If I were Scowl’s Kat Moss, I’d be really pissed off, too. Why do bands like Turnstile and Militarie Gun get a free pass at bending the “rules” of hardcore around more mainstream-baiting tropes of big hooks and weaponing studio gloss for the desire of mass appeal (and a Taco Bell endorsement) but it’s suddenly a problem when a band from the same scene that has a woman up front is making parallel moves? And why does the transition from screaming toward cleaner vocals while leveling up to a bigger label always necessitate some kind of comparison to wanting to become the next Paramore? Can’t Scowl just be Scowl?

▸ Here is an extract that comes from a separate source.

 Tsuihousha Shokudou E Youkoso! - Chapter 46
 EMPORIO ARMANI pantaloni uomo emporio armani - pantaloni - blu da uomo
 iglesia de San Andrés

Moss and the rest of the Santa Cruz band seem like they know this is to be sadly expected, but they’re also using it to their advantage on their sophomore effort, Are We All Angels. The chorus on the album’s opening track begrudgingly relents, “I don’t want to be special,” after all, yet it holds space as a reverse psychology of sorts that fuels the internal tension and sweet release from it, in turn allowing them to exist in both worlds, under their own rules and needing not answer to anyone — even their own uneasy feelings.
Recognizing their own polarization on the come-up at this point punctuates all of their strengths on the surface, something which they already began been testing the waters of more concentratedly with their 2023 extended play, Psychic Dance Routine. Pogo-bombing across a dozen tracks that bubble and explode with a joyous energy from embracing the audacity to be an outsider, it gives the five-piece their own permission to fully colorize Moss’ internal monologues with stylistic volatility. The way Scowl can simultaneously zip through punk-pop hooks custom built for the skate park, snarl at you when you get to close to Moss face, and sing you a sweet kiss-off lullaby as a side order to anyone still serving them up with Live Más shade is scary good.

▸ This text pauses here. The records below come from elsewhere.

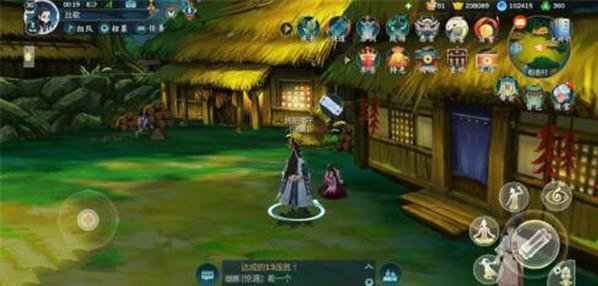 剑网3 NPC功能全解析：从功能性到可攻略，助你畅游江湖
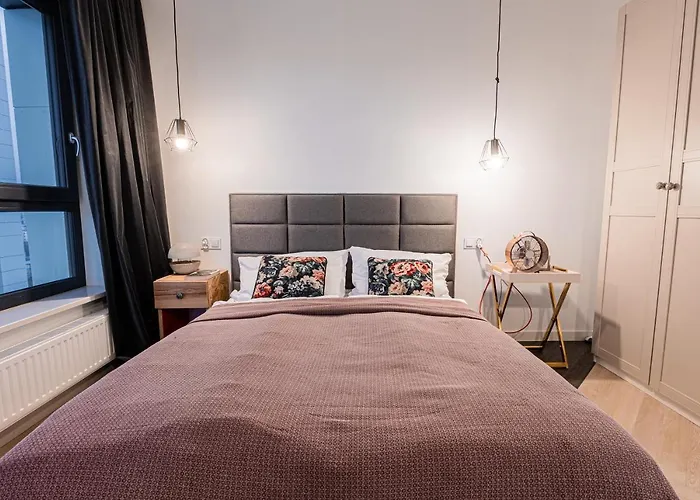 E&a Royal Luxury Apartments, - Skyline Bydgoszcz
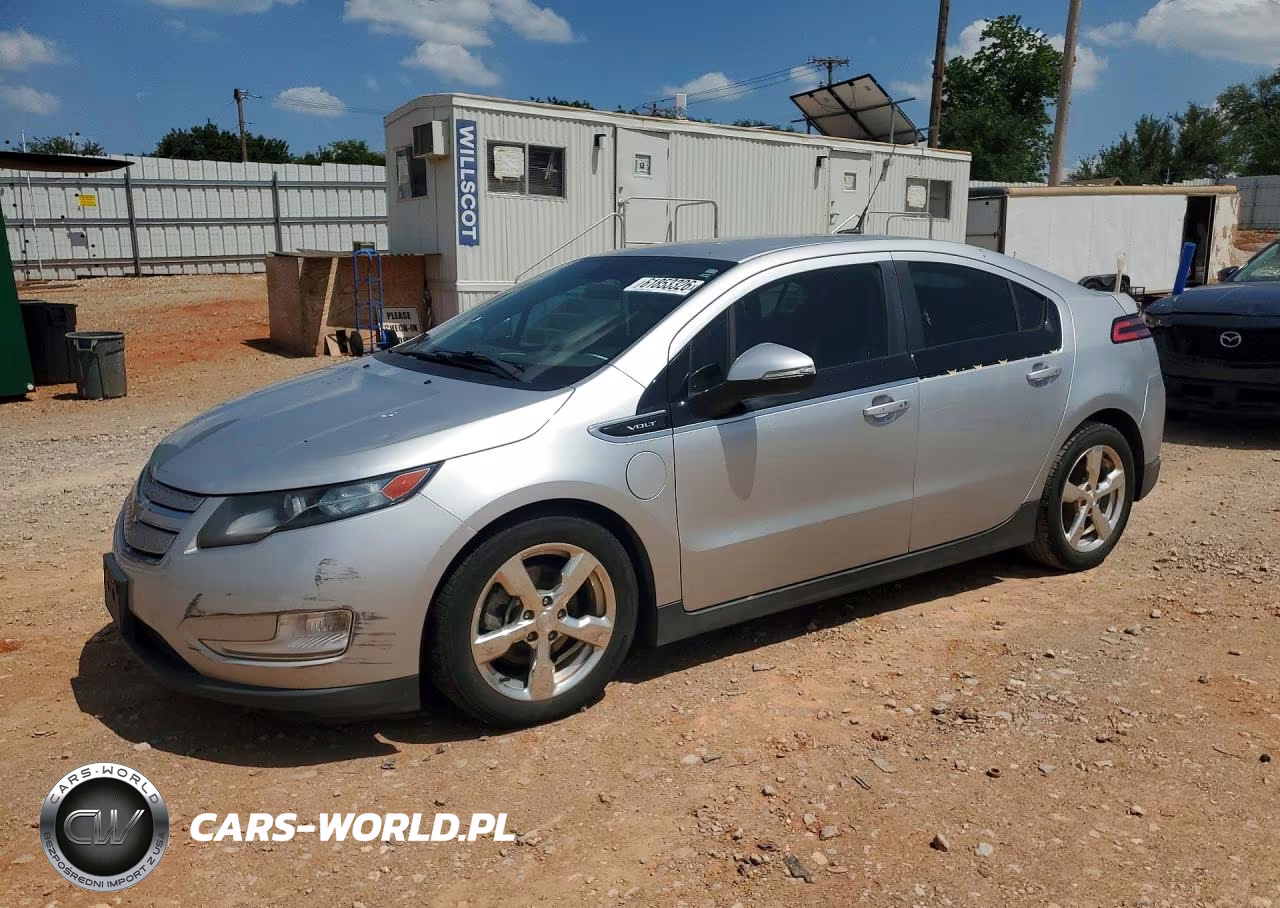 2013 Chevrolet Volt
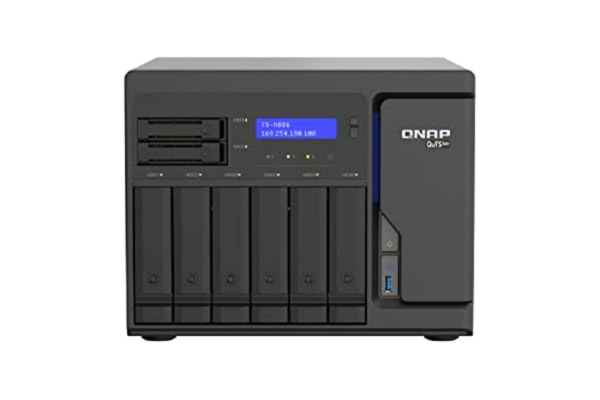 QNAP  TS-h886-D1622-16G NAS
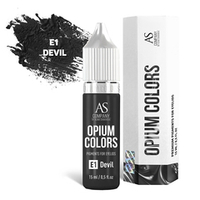 Пигмент Opium E1 Devil, 15мл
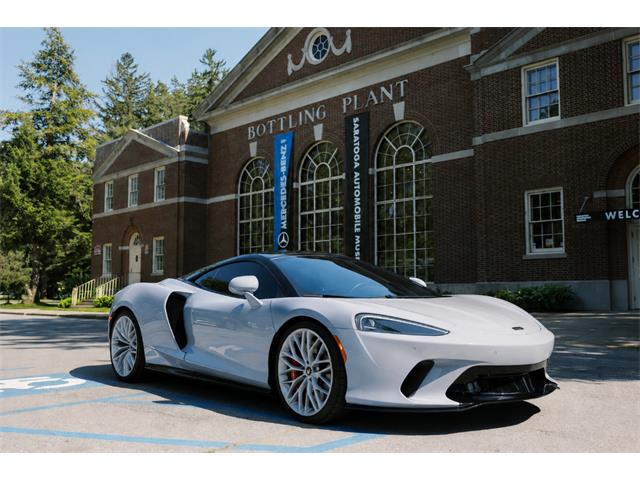 2022 McLaren GT (CC-2106733) for sale in Saratoga Springs, New York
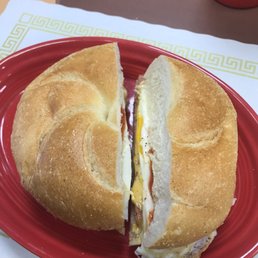 Pork Roll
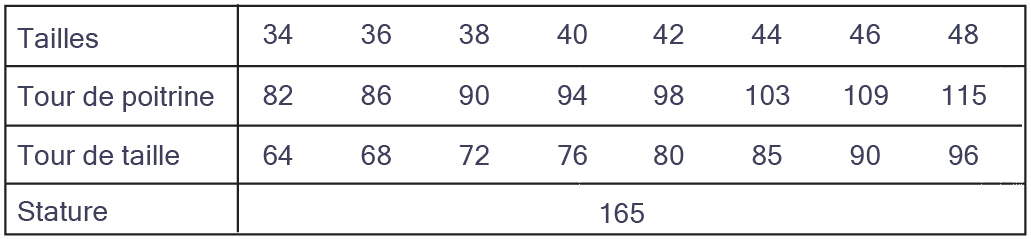 Top SOLENE Femme - Patron de couture pochette - CHA'COUD Patron de couture Cha'Coud | Gaspard et Léonie Tissus en ligne et Mercerie à Toulouse
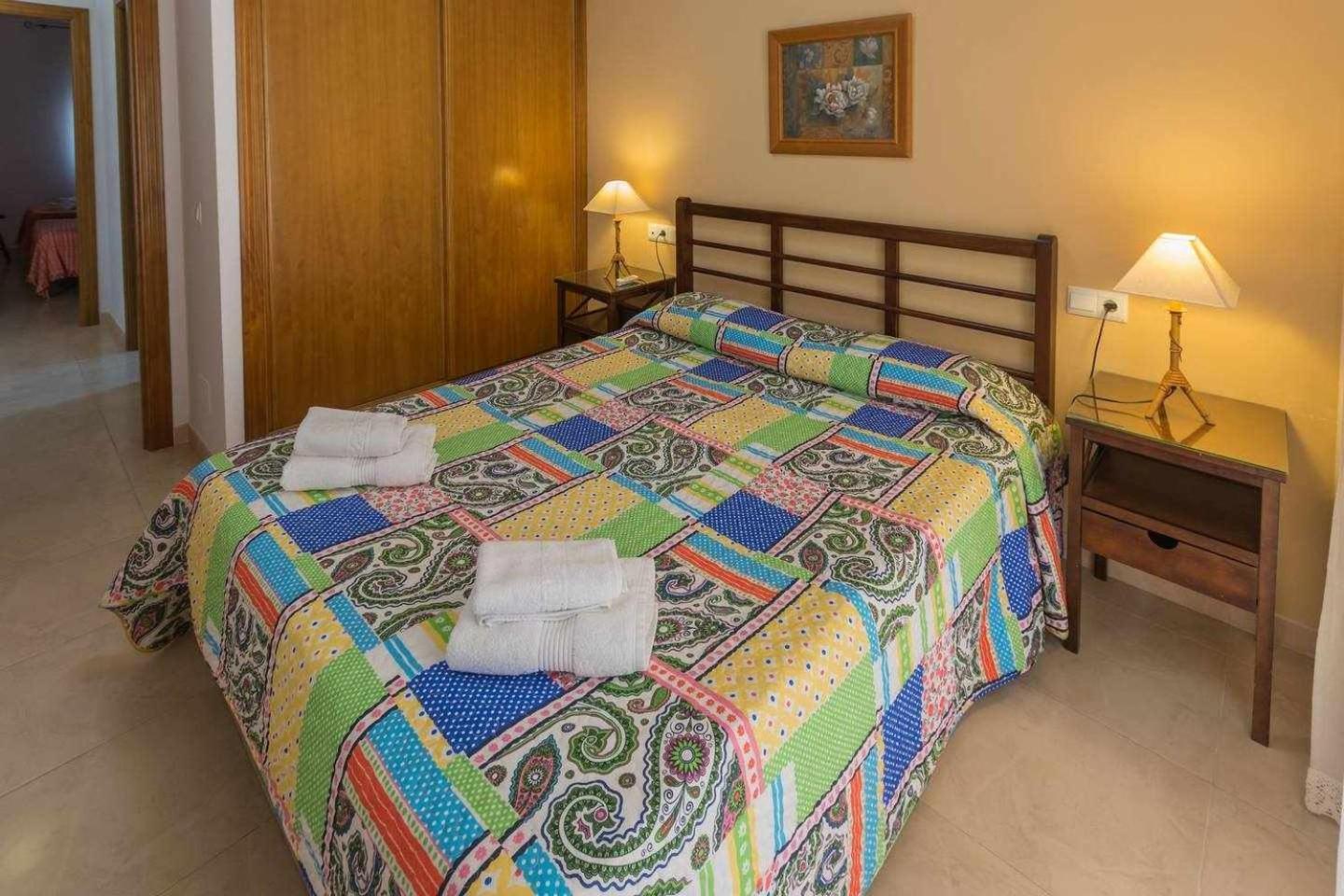 Apartamento Chimenea Playa - 2 Dormitorios Y Terraza Nerja Luaran gambar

Entrusting Will Yip to get them here makes all the sense, too, considering he’s helped the likes of Turnstile, Turnover, Mannequin Pussy, and Citizen make those crucial leap from outside the pit and onto a bigger stage where the scene’s purest angels are never the ones who let the surrounding noise define them. Instead, Scowl dare to let their wings burn by flying nearest to the sun of their own ambition.
Highlights: “Special”, “Not Hell, Not Heaven”, “Suffer the Fool (How High Are You?)”
Scowl’s Are We All Angels will be released April 4th on Dead Oceans.